Для первых лет советской власти наша жизнь так, вероятно, и выглядела: сообразной, более чем представительной. Меня эта сторона дела никак, понятно, не занимала. Мое внимание целиком было поглощено внутрисемейными раздорами, о которых никто из окружающих, кажется, не подозревал. Родители ссорились между собой. Ссорились без крика, правда не без повышенных тонов. Но затяжные объяснения заканчивались обычно тем, что в доме воцарялось гнетущее молчание. Примостившись на корточках за узорчатыми чугунными креплениями балконов, я следила за родителями, прохаживавшимися вдоль Карповки, одержимая единственным желанием, чтобы они помирились.
Не исключено, что, помимо сугубо личных, терзавших моих родителей проблем, одной из причин разногласий был и вопрос моего воспитания. Я не раз слышала неуступчивое папино «нет!». В рождественские дни, скажем, дворник приносил елку. Мама принималась ее наряжать. Застав ее за этим занятием, папа чеканил:
— Я как коммунист не могу разрешить, чтобы в доме была елка!
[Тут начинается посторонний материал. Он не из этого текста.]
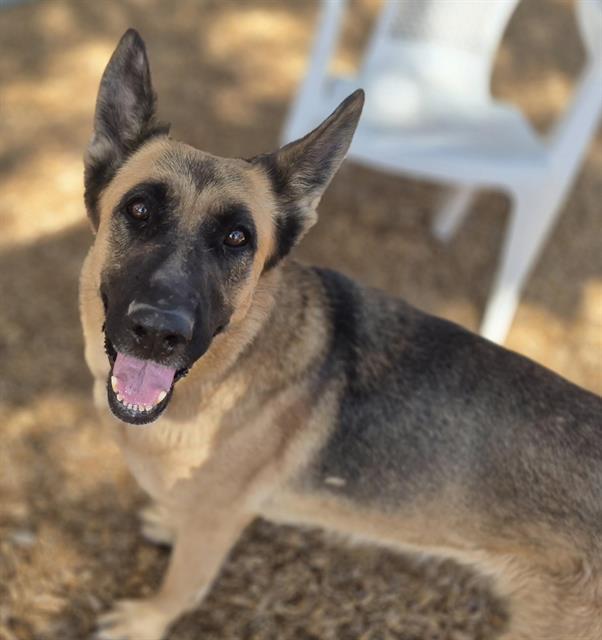 Enlarge GINGERBREAD, a Adoptable mixed breed in Albuquerque, NM image 1/1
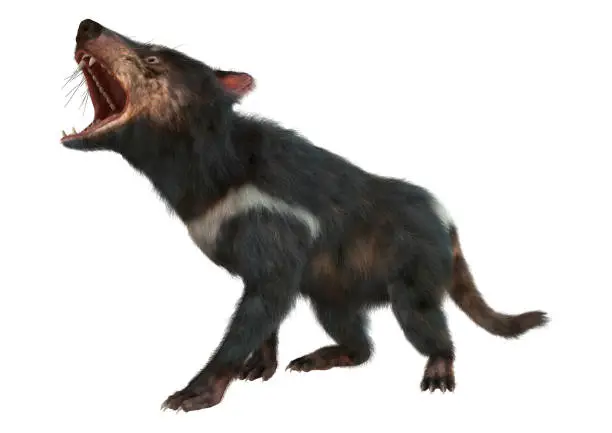 3D rendering of a tasmanian devil isolated on white background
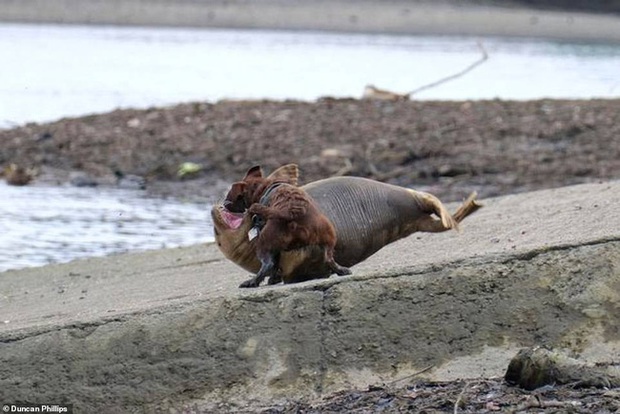 Cái chết của chú hải cẩu 9 tháng tuổi khiến nước Anh thương tiếc: Bị chó dữ nhà giàu tấn công dữ dội tạo nên cảnh hiện trường đẫm máu - Ảnh 1.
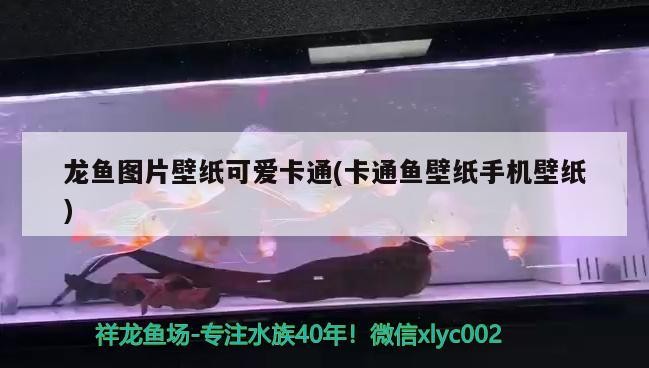 虎魚怎樣看出泰國虎的狀態(tài)好還是壞？，虎虎魚怎么看品質(zhì)好壞啊圖解決你現(xiàn)在面臨的問題來說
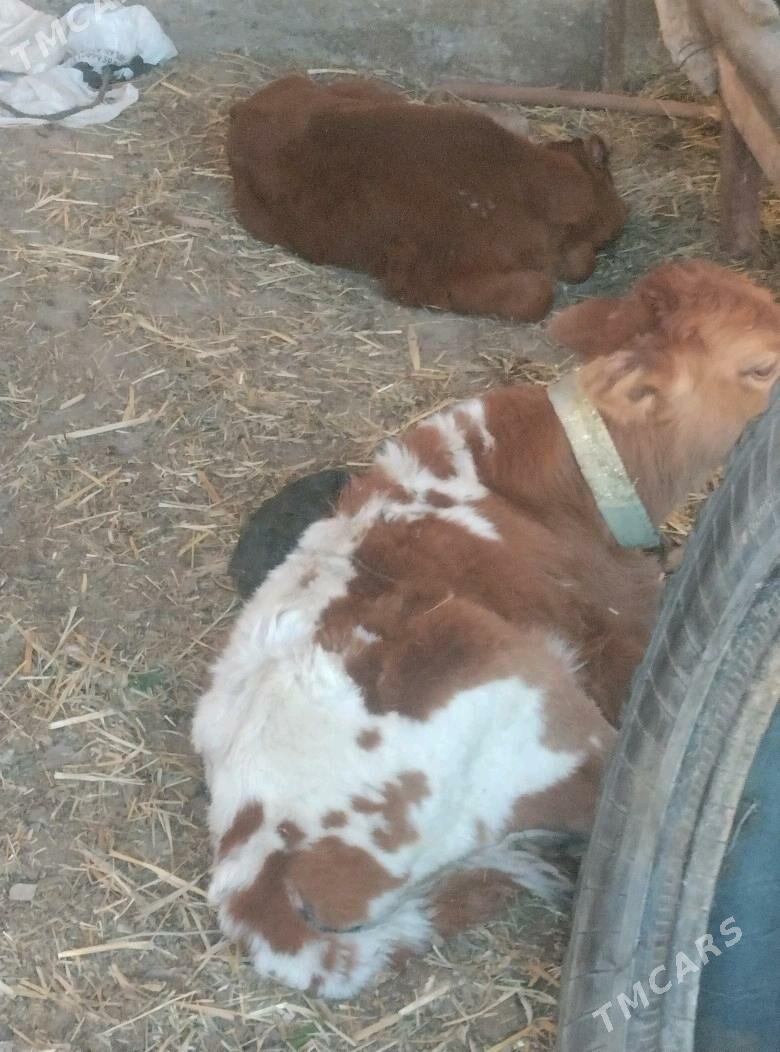 голели сыгыр - Чарджоу - img 5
— Но ребенку это нужно, — возражала мама.
— Пусть растет без елочек и свечечек!
В столовой продолжала стоять никому уже не нужная елка. Вместе с ней в душе поселялось чувство боязни отца.
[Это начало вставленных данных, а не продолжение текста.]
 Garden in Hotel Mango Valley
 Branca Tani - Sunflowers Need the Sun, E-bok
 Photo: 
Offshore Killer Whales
Что-то похожее возникло и по приезде одной из бабушек. У меня их было две. Мать отца, бабушка Урсула, жила в Риге, по тогдашним понятиям — за границей. Мамина же мать умерла чуть ли не при родах. Воспитавшую ее тетю мама называла мамой, а я бабушкой Дарьей.
Именно с приездом бабушки Дарьи в мою жизнь вошли тепло, прибаутки, говор с милой белорусской прибавкой «ти»: «Ти пойдешь ты, ти нет?» С необычайной жадностью я впитывала бабушкины сказки про соперничество старого принца Алмаза и юного принца Колокольчика, про кисельные берега и молочные реки, про Золушку, и непритязательным этим сказкам в известном смысле суждено было сыграть спасительную роль.
Бабушка Дарья быстро научила меня играть в «дурачка» и так же быстро повела в церковь. Тут и разразился скандал.
— Не сметь водить ребенка в церковь! — разъярился папа. Бабушка невозмутимо шепнула после грозного выговора:
— Без Бога-то нельзя. Ходить все равно будем, да только потихонечку.
«Потихонечку» — усекли. Бабушка уехала. А я начинала понимать, что означает: «У папы трудный характер».